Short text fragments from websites

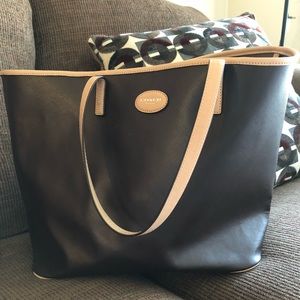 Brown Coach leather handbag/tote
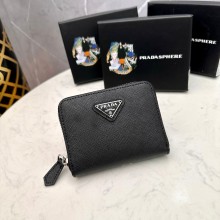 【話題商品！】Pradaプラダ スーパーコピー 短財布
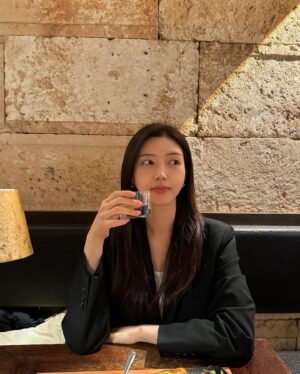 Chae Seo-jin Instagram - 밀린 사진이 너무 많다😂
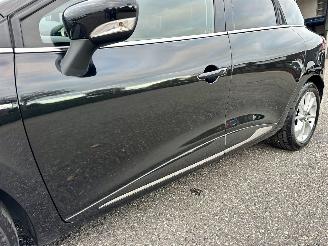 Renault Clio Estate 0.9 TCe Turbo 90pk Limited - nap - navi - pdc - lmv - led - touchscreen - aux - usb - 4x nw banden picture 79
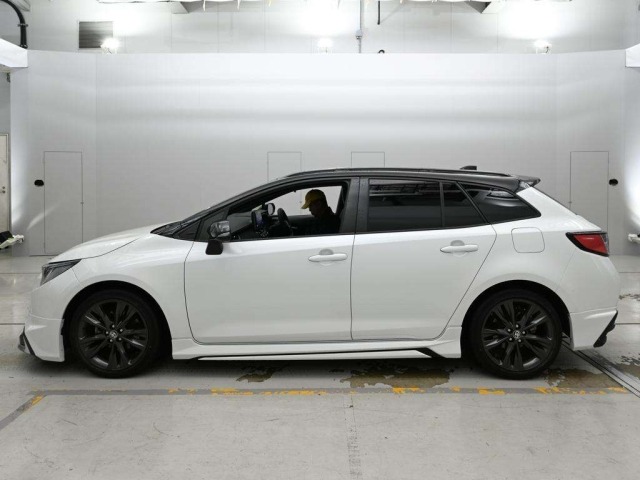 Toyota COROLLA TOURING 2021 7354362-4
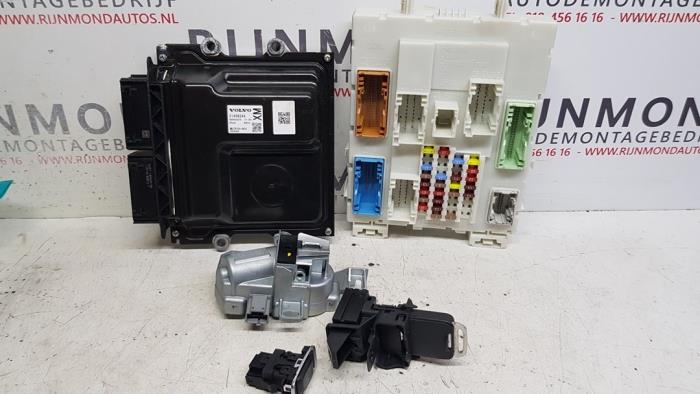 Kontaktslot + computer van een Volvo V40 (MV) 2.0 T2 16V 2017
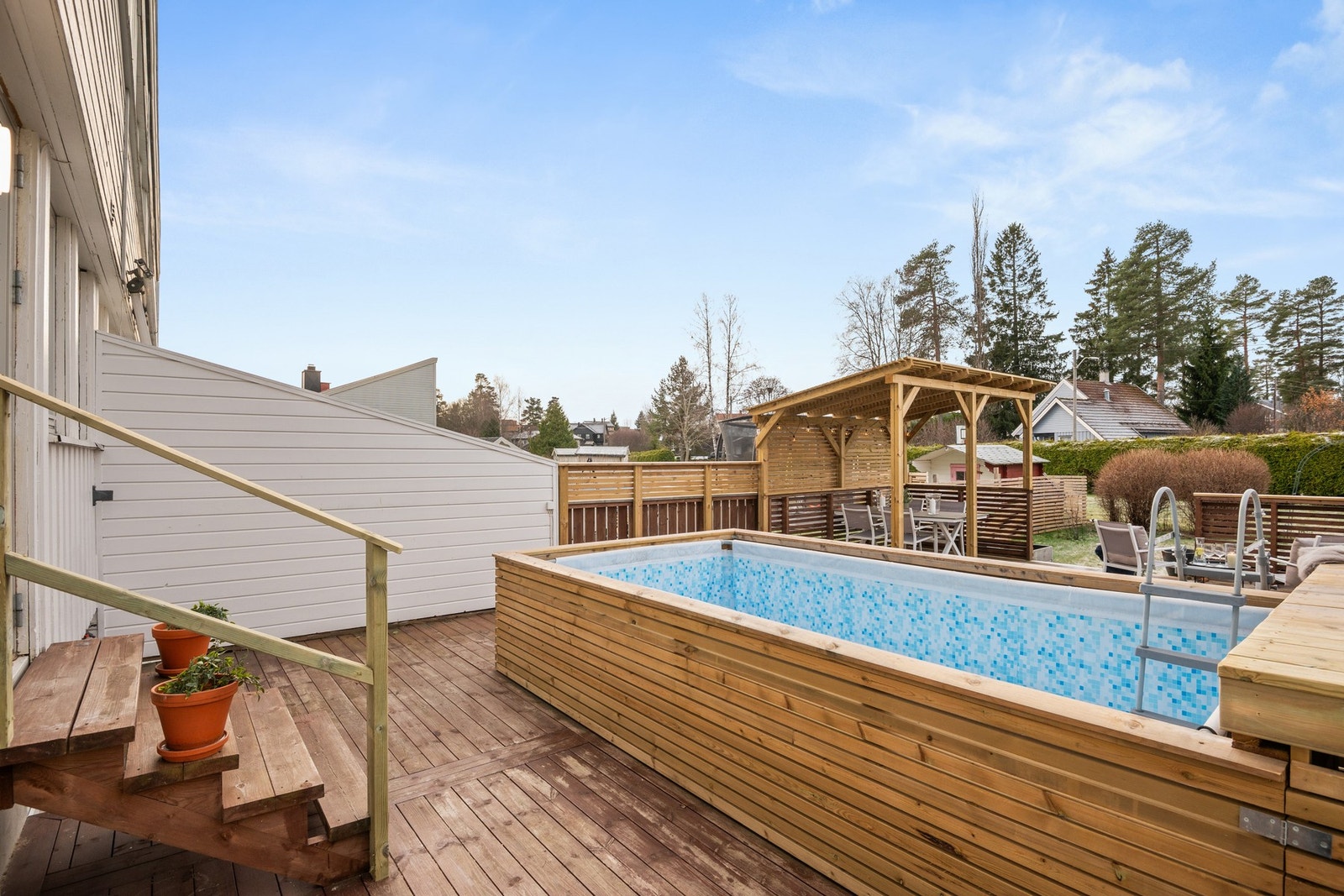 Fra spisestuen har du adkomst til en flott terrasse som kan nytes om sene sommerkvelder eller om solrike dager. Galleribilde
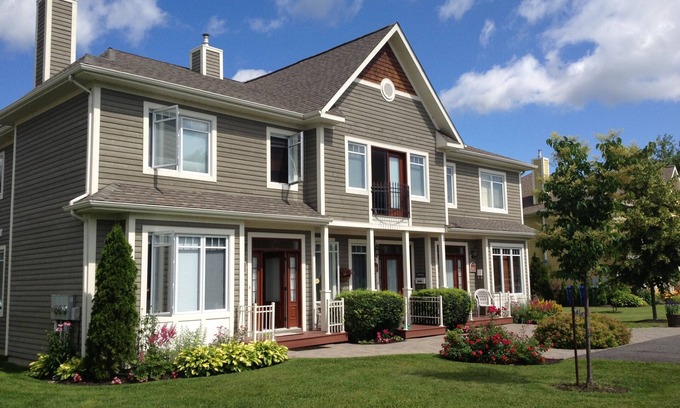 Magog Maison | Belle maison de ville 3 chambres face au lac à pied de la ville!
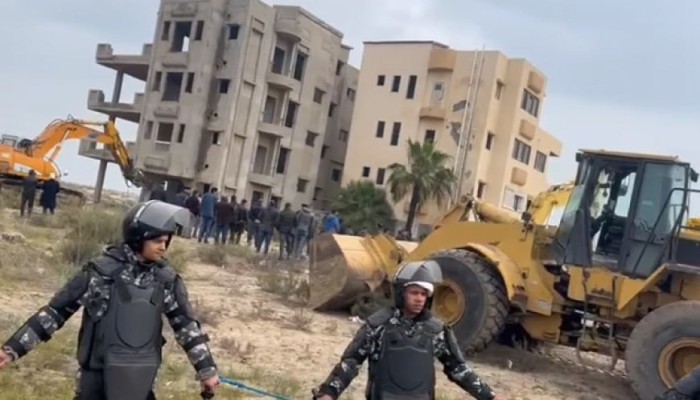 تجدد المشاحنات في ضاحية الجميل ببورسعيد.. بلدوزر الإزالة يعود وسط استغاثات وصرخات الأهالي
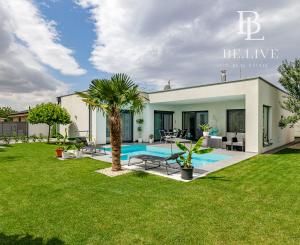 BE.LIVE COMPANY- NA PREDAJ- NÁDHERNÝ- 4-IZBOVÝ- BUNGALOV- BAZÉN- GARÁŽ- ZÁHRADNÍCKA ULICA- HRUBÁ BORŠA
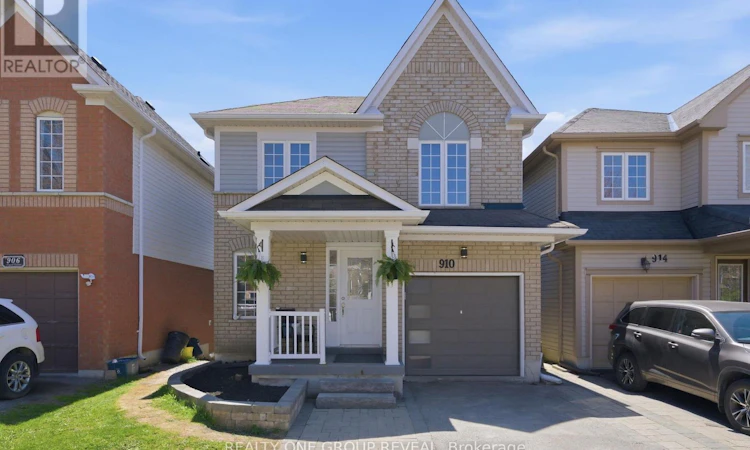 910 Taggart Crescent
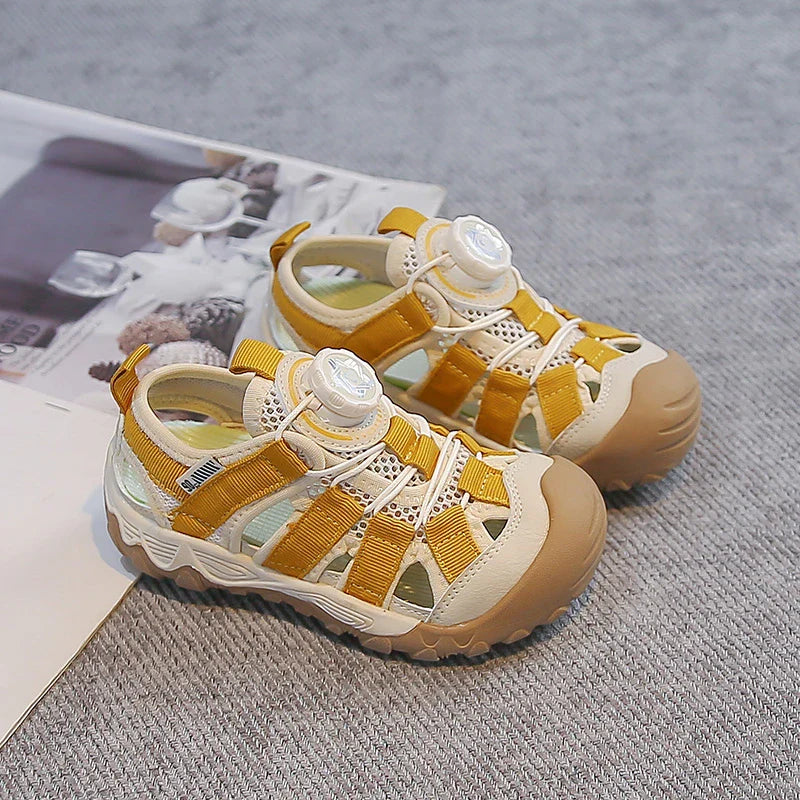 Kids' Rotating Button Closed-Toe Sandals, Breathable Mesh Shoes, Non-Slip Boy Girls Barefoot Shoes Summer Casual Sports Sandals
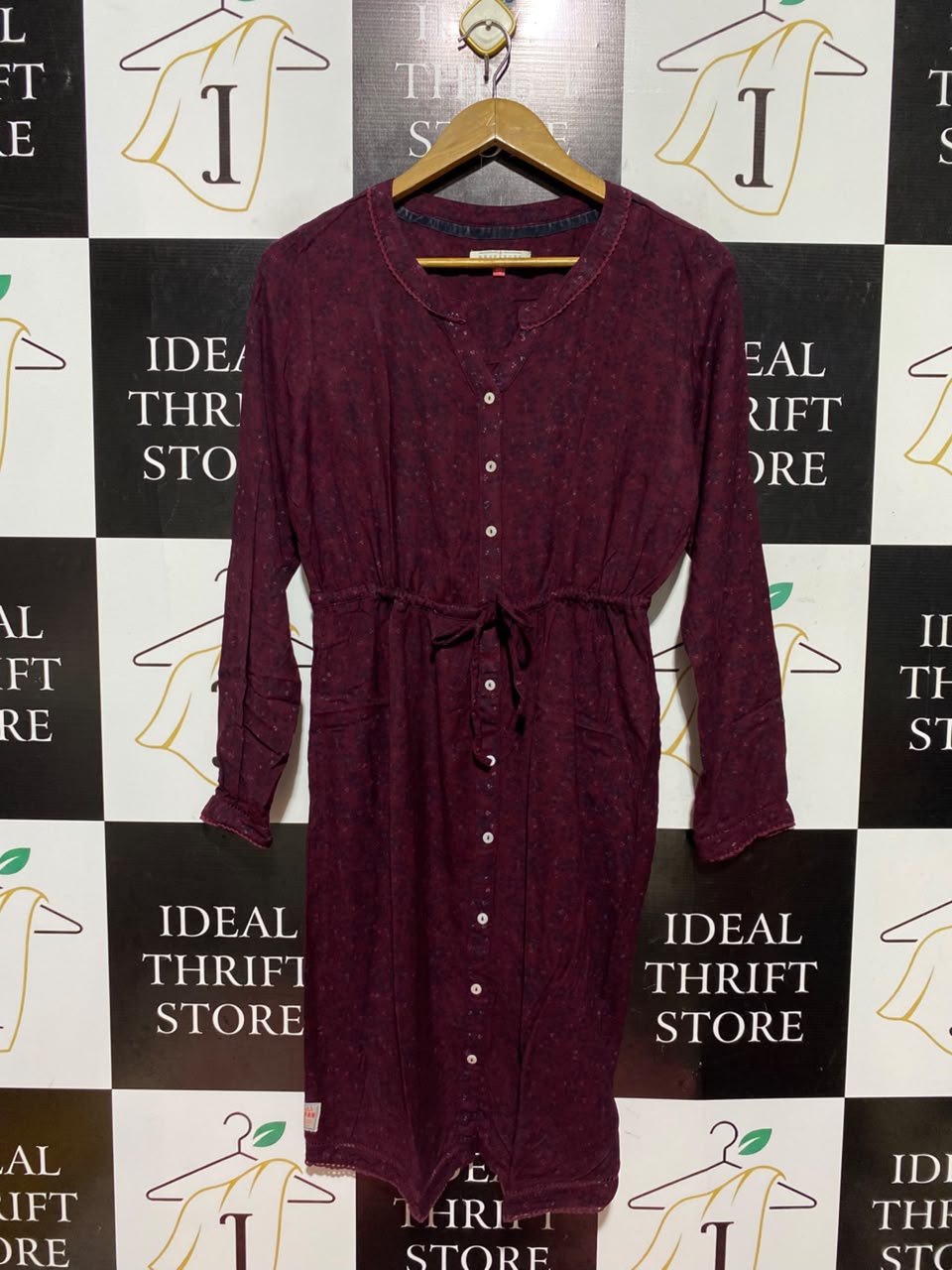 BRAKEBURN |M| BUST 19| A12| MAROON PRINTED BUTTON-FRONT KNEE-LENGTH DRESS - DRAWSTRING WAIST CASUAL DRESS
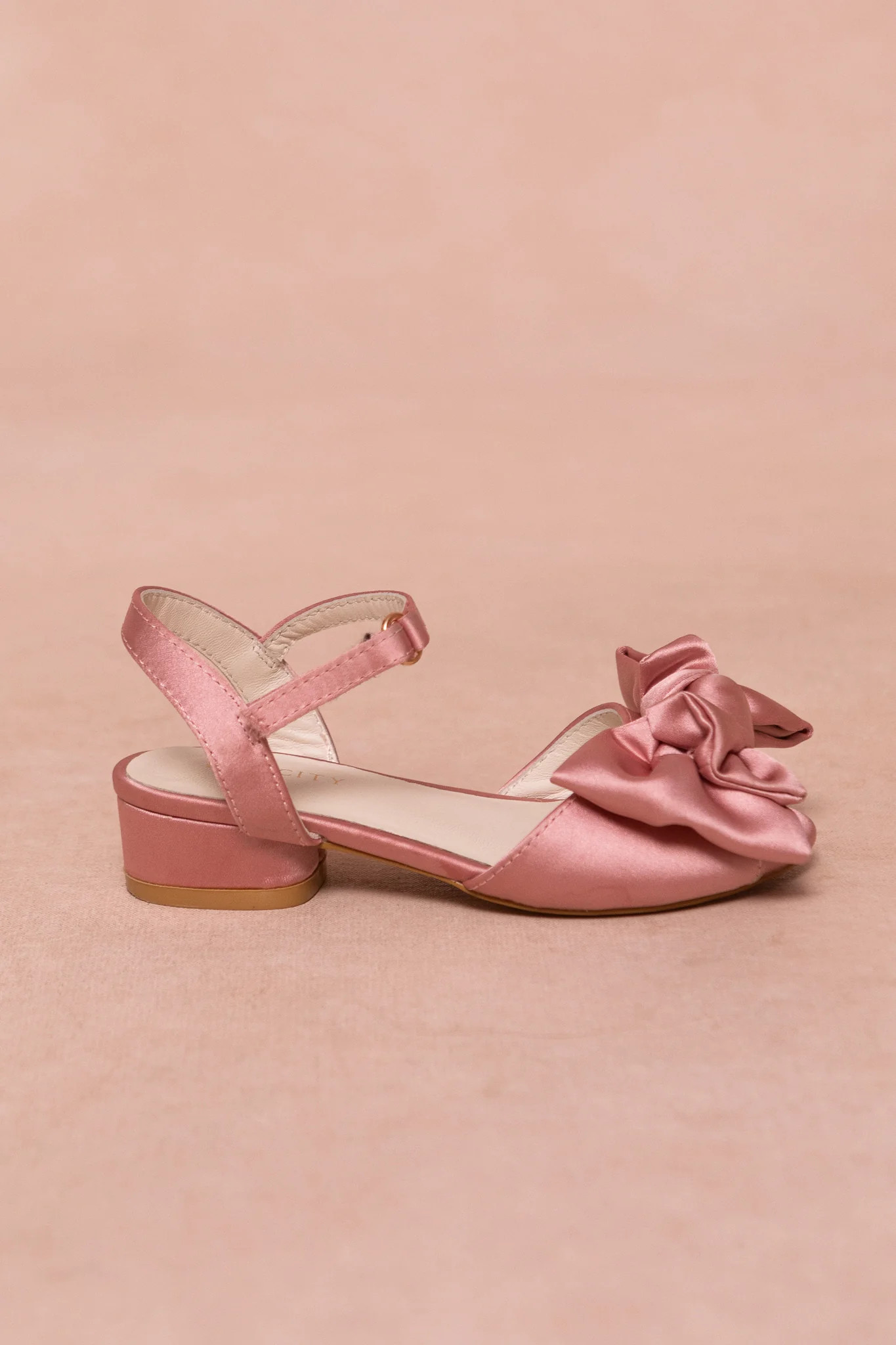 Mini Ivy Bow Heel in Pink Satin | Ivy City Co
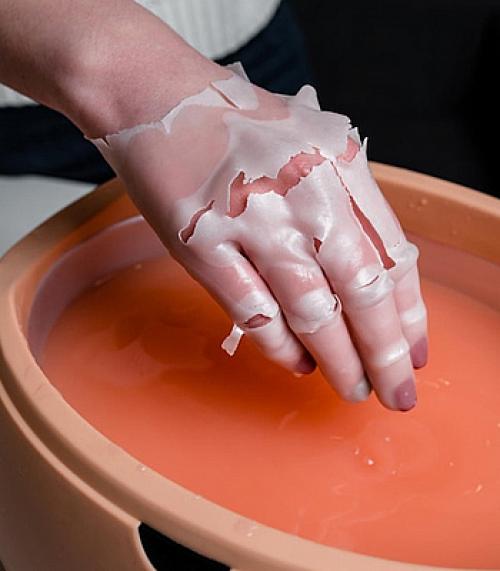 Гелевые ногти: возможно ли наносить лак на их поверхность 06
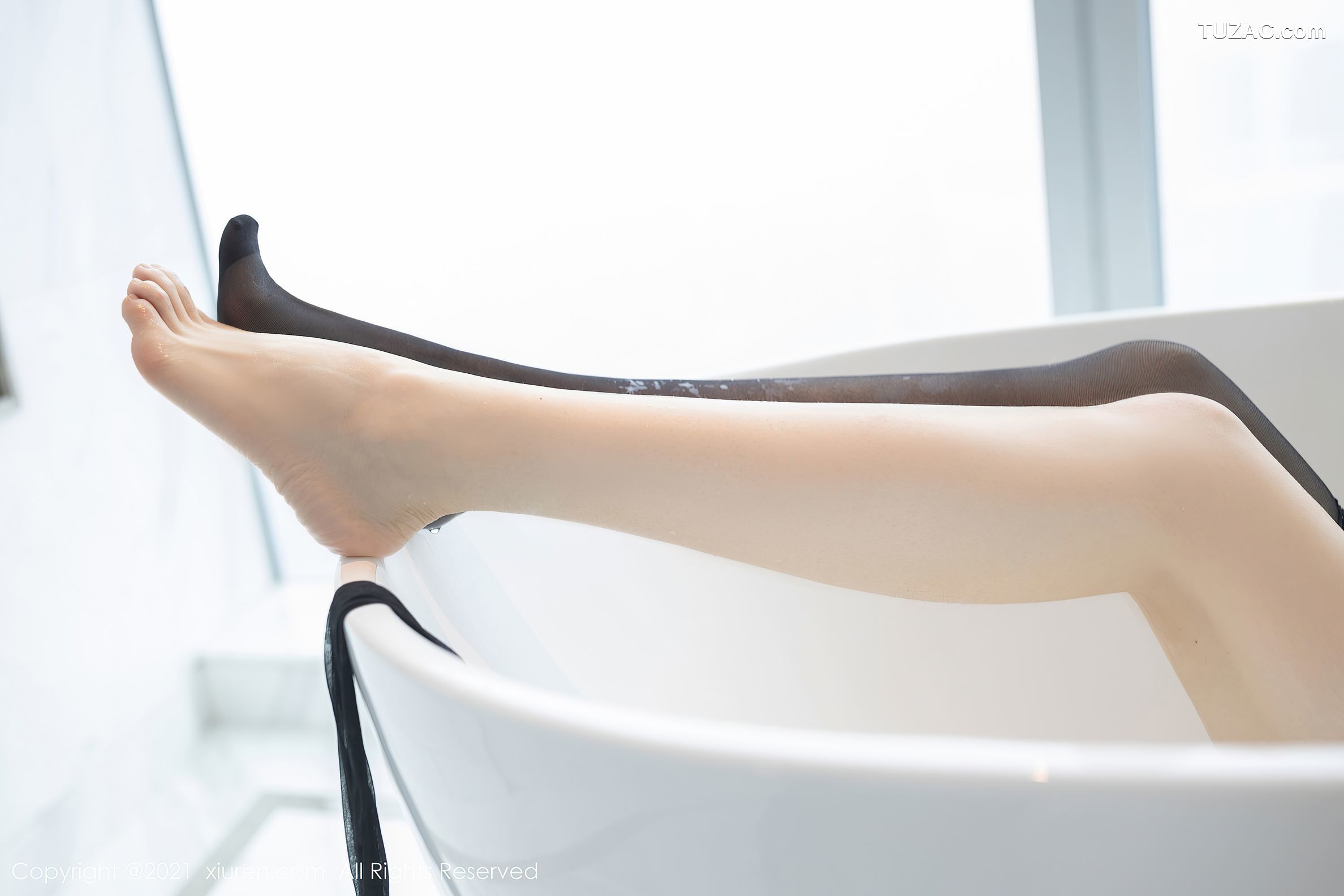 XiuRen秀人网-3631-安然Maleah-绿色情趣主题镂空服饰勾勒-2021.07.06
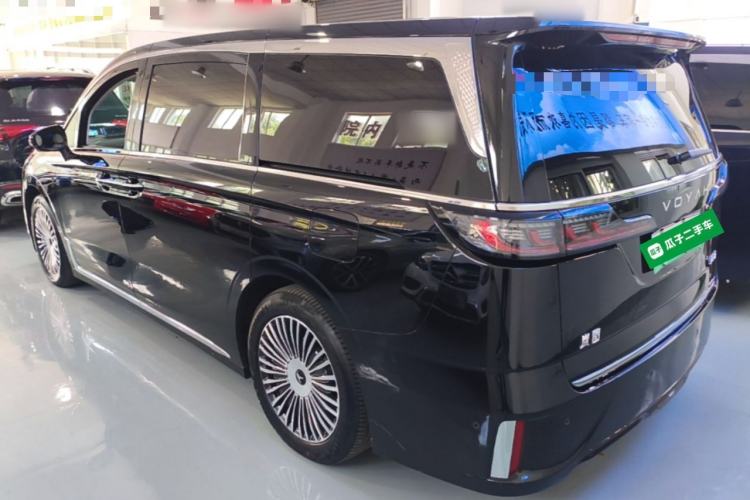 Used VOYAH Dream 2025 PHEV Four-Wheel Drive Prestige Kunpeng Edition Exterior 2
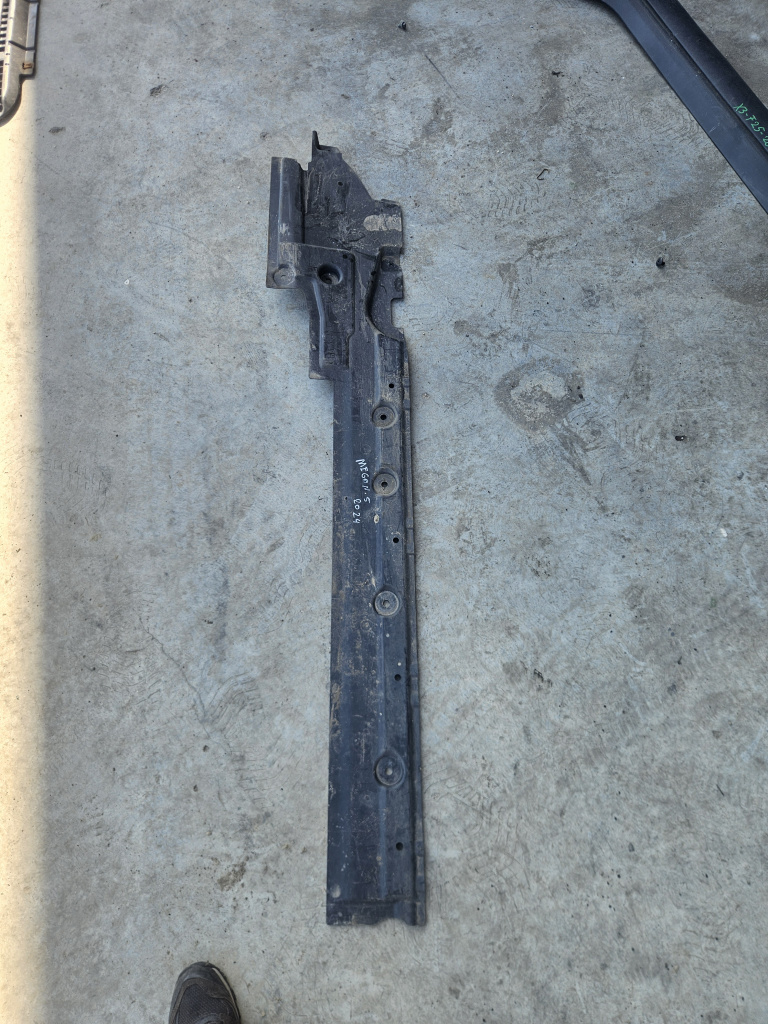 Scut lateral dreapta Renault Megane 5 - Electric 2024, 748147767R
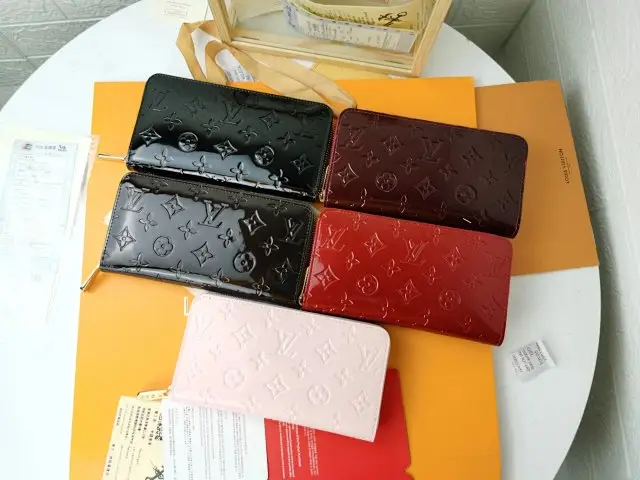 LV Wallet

Exercise aim: Write out, word for word, only the lines from the one containing "910 Taggart Crescent" to the end of the data above; the pictures stay out.

Exercise solution:
 910 Taggart Crescent
 Kids' Rotating Button Closed-Toe Sandals, Breathable Mesh Shoes, Non-Slip Boy Girls Barefoot Shoes Summer Casual Sports Sandals
 BRAKEBURN |M| BUST 19| A12| MAROON PRINTED BUTTON-FRONT KNEE-LENGTH DRESS - DRAWSTRING WAIST CASUAL DRESS
 Mini Ivy Bow Heel in Pink Satin | Ivy City Co
 Гелевые ногти: возможно ли наносить лак на их поверхность 06
 XiuRen秀人网-3631-安然Maleah-绿色情趣主题镂空服饰勾勒-2021.07.06
 Used VOYAH Dream 2025 PHEV Four-Wheel Drive Prestige Kunpeng Edition Exterior 2
 Scut lateral dreapta Renault Megane 5 - Electric 2024, 748147767R
 LV Wallet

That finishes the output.